__What to work on__. Go through the entries below and print each one exactly.

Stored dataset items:

·····

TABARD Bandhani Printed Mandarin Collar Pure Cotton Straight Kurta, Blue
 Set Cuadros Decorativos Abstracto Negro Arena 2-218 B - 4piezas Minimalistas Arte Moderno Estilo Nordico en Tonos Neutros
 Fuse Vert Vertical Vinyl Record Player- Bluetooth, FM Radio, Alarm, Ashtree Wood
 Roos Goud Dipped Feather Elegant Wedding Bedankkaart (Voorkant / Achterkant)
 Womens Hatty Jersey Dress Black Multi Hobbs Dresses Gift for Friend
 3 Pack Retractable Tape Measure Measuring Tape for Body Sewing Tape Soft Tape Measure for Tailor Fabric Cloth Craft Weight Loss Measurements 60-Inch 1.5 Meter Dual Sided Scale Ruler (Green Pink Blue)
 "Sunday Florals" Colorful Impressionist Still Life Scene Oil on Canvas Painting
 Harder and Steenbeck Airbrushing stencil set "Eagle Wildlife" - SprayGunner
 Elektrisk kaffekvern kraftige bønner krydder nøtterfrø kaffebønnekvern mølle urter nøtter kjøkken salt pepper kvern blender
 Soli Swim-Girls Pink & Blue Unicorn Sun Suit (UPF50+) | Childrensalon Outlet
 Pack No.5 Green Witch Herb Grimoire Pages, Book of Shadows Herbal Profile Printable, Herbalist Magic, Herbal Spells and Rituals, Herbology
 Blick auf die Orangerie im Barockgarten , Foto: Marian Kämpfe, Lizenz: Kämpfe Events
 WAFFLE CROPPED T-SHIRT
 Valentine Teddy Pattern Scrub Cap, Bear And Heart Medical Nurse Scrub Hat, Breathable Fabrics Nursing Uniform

·····

__Output of the task__.
TABARD Bandhani Printed Mandarin Collar Pure Cotton Straight Kurta, Blue
 Set Cuadros Decorativos Abstracto Negro Arena 2-218 B - 4piezas Minimalistas Arte Moderno Estilo Nordico en Tonos Neutros
 Fuse Vert Vertical Vinyl Record Player- Bluetooth, FM Radio, Alarm, Ashtree Wood
 Roos Goud Dipped Feather Elegant Wedding Bedankkaart (Voorkant / Achterkant)
 Womens Hatty Jersey Dress Black Multi Hobbs Dresses Gift for Friend
 3 Pack Retractable Tape Measure Measuring Tape for Body Sewing Tape Soft Tape Measure for Tailor Fabric Cloth Craft Weight Loss Measurements 60-Inch 1.5 Meter Dual Sided Scale Ruler (Green Pink Blue)
 "Sunday Florals" Colorful Impressionist Still Life Scene Oil on Canvas Painting
 Harder and Steenbeck Airbrushing stencil set "Eagle Wildlife" - SprayGunner
 Elektrisk kaffekvern kraftige bønner krydder nøtterfrø kaffebønnekvern mølle urter nøtter kjøkken salt pepper kvern blender
 Soli Swim-Girls Pink & Blue Unicorn Sun Suit (UPF50+) | Childrensalon Outlet
 Pack No.5 Green Witch Herb Grimoire Pages, Book of Shadows Herbal Profile Printable, Herbalist Magic, Herbal Spells and Rituals, Herbology
 Blick auf die Orangerie im Barockgarten , Foto: Marian Kämpfe, Lizenz: Kämpfe Events
 WAFFLE CROPPED T-SHIRT
 Valentine Teddy Pattern Scrub Cap, Bear And Heart Medical Nurse Scrub Hat, Breathable Fabrics Nursing Uniform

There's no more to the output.